Structural, thermodynamic and functional investigations of the HIV and SIV frameshift site RNAs: Identification and characterization of small molecule ligands that affect (-1) translational frameshifting

Human immunodeficiency virus (HIV) and simian immunodeficiency virus (SIV) require a (-1) translational frameshift event to properly synthesize all of the proteins required for viral replication. The frameshift mechanism is dependent upon a seven nucleotide slippery sequence (UUUUUUA) and a downstream RNA structure. Here, I report the functional, structural and thermodynamic characterization of the SW frameshift site RNA. Translational frameshift assays confirmed that this RNA sequence promoted efficient frameshifting in vitro. The structure of this 34-nucleotide RNA, as determined by NMR, was an eleven base-pair A-form helix capped by a highly-ordered 12-nucleotide loop containing a sheared G-A pair, cross-strand adenine stacking, two G-C base-pairs, and a novel CCC triloop turn.

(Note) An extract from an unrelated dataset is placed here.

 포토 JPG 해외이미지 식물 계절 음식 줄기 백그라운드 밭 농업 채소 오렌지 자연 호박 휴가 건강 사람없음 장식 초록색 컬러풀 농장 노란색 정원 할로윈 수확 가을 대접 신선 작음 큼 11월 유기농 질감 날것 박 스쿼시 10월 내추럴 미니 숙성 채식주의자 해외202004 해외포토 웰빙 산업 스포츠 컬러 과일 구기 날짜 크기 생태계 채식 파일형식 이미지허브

This structure and its high degree of thermostability (Tm(stem) = 84°C, T m(loop) = 66°C) preclude formation of alternate RNA tertiary structures such as pseudoknots. Sequence conservation and modeling studies suggest that the HIV type 2 (HIV-2) RNA forms the same structure.;Frameshifting in HIV type 1 (HIV-1), HIV-2 and SIV occurs with a frequency of 5-10%, and increasing or decreasing this frequency may result in a decrease in viral replication. Here, I report the results of a high-throughput screen designed to find small molecules that bind to the HIV-1 frameshift site RNA and potentially affect frameshifting. Out of 34,500 compounds screened, 202 were identified as positive hits. One of these compounds, doxorubicin, binds the HIV-1 RNA with low micromolar affinity (Kd = 2.8 microM). This binding was confirmed and localized to the RNA using NMR. Further analysis revealed that this compound increased the RNA stability by approximately 5°C, and decreased translational frameshifting by 28% (+/- 14%), as measured in vitro.;The interactions between the HIV-1 frameshift site RNA and a small molecule ligand (DB213) found to increase frameshifting were structurally and thermodynamically investivated. NMR structural studies revealed that DB213 binds the RNA in the major groove of the upper stem-loop with weak affinity (K d ∼ 300 microM). Addition of DB213 may also increase the stability of the RNA and alter the conformation of the conserved GGA bulge, as observed by NMR.